• **Work to be completed**:
Using the records that appear below, write out exactly the lines from the one with "2015 Audi Q5 3.0 quattro TDI Prestige" through the one with "Mercedes-Benz E-Klasse E200", keeping both end lines.
==============================
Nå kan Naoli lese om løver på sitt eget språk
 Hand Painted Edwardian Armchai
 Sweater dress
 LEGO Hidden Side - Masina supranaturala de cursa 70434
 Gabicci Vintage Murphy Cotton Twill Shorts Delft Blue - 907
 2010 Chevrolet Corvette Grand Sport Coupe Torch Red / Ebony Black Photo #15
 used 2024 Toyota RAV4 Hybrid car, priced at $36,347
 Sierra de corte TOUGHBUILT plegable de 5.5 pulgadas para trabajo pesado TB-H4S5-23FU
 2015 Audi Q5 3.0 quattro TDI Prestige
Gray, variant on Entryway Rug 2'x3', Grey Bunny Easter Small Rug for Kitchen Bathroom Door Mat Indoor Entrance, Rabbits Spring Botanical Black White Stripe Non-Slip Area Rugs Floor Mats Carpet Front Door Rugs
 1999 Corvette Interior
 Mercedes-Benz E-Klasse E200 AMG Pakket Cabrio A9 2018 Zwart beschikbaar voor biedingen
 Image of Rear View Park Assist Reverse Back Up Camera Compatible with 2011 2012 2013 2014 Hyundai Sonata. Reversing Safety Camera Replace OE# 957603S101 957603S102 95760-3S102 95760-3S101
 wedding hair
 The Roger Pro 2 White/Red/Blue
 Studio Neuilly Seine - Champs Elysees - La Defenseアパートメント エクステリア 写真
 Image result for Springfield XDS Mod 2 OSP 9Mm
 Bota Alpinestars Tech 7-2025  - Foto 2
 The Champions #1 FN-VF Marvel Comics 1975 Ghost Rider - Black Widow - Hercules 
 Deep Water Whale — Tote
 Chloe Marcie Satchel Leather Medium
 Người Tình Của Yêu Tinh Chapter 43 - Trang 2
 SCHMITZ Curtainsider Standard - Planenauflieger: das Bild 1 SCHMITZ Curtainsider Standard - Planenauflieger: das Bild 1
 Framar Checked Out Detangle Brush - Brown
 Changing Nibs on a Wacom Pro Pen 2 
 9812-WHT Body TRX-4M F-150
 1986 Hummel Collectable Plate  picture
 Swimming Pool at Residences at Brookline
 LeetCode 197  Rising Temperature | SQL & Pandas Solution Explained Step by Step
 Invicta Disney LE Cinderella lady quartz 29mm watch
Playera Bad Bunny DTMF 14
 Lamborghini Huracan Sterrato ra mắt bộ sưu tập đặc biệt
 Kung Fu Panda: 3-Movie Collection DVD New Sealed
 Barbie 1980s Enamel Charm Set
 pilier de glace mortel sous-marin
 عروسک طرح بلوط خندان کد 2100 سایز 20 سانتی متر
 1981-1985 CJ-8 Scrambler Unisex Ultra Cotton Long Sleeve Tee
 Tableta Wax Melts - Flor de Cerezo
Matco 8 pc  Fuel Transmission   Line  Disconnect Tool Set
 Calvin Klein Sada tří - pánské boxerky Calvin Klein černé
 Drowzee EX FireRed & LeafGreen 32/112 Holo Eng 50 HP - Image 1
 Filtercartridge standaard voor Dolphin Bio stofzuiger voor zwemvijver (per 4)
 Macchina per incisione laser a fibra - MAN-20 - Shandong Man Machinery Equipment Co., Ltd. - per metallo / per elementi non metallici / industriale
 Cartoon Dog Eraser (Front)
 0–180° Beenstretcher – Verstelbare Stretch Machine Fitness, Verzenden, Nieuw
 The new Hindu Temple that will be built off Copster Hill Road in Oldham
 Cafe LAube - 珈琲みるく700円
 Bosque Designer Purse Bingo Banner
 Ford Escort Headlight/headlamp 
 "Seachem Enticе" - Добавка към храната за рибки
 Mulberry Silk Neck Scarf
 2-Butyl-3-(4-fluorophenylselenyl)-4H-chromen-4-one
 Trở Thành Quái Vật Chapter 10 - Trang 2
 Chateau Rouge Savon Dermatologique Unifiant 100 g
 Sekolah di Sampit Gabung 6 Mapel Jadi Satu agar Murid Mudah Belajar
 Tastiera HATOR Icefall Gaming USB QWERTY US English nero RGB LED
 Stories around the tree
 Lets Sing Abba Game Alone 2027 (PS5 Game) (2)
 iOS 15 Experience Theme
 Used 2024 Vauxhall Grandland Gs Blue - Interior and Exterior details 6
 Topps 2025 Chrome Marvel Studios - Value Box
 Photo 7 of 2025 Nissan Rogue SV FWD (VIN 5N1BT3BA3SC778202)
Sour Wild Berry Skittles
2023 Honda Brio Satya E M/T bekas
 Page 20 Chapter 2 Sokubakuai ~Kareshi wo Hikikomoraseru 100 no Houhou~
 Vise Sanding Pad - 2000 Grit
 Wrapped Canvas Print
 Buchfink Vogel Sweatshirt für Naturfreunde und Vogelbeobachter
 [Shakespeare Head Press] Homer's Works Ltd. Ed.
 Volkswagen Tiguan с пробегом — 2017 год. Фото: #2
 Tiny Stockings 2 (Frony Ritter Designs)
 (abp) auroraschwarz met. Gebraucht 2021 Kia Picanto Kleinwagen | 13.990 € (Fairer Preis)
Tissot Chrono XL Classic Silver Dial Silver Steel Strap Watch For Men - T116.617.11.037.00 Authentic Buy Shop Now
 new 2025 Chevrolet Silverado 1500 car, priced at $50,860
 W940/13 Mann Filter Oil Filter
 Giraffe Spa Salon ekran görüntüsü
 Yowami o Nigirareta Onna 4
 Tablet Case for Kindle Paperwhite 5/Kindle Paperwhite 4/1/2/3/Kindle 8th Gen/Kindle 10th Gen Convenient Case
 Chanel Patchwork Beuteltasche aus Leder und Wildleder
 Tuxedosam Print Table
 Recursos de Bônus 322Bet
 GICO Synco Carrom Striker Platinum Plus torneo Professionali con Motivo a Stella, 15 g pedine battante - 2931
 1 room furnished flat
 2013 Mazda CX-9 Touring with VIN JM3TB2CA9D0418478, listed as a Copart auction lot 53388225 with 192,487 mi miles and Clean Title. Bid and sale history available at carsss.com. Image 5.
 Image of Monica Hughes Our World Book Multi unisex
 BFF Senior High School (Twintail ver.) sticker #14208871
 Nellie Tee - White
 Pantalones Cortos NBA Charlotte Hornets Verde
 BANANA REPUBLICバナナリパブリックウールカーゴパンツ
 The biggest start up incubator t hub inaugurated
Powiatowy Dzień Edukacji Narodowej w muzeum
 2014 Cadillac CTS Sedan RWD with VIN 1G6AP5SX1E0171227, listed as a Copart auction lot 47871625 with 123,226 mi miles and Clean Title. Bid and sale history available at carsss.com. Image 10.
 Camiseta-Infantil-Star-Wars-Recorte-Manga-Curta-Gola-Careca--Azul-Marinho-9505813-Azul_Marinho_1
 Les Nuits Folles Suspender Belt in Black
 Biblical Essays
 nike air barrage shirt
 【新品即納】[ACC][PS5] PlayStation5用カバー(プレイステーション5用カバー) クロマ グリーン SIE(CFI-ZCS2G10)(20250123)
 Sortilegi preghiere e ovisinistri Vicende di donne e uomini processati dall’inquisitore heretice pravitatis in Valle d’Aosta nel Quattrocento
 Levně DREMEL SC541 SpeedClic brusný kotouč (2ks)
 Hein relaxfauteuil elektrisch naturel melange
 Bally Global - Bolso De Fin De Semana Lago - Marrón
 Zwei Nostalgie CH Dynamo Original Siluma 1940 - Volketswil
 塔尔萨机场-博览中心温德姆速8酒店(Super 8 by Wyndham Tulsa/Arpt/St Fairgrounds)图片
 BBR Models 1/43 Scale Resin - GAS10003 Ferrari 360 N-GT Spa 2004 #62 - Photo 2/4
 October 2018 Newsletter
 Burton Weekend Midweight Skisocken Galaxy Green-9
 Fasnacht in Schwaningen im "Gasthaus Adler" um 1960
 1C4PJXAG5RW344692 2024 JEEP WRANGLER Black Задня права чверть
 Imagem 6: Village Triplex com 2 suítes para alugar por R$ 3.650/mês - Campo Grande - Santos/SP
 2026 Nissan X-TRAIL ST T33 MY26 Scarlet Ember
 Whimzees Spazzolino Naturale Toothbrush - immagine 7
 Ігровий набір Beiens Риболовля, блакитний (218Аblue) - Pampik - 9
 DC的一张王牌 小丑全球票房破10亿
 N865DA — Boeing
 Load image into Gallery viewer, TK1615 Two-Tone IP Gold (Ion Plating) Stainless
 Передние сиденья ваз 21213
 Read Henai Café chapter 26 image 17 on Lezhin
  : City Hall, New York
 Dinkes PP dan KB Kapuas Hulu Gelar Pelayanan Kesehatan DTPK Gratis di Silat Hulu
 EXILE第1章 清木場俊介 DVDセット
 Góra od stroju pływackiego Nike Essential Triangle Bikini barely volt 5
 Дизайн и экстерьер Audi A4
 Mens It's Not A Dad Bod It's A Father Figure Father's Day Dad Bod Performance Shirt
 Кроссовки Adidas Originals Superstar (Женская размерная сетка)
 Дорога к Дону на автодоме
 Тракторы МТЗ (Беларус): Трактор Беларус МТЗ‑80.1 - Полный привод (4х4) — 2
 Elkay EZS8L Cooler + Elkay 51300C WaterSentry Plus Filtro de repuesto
==============================
• **Task solution**:
 2015 Audi Q5 3.0 quattro TDI Prestige
Gray, variant on Entryway Rug 2'x3', Grey Bunny Easter Small Rug for Kitchen Bathroom Door Mat Indoor Entrance, Rabbits Spring Botanical Black White Stripe Non-Slip Area Rugs Floor Mats Carpet Front Door Rugs
 1999 Corvette Interior
 Mercedes-Benz E-Klasse E200 AMG Pakket Cabrio A9 2018 Zwart beschikbaar voor biedingen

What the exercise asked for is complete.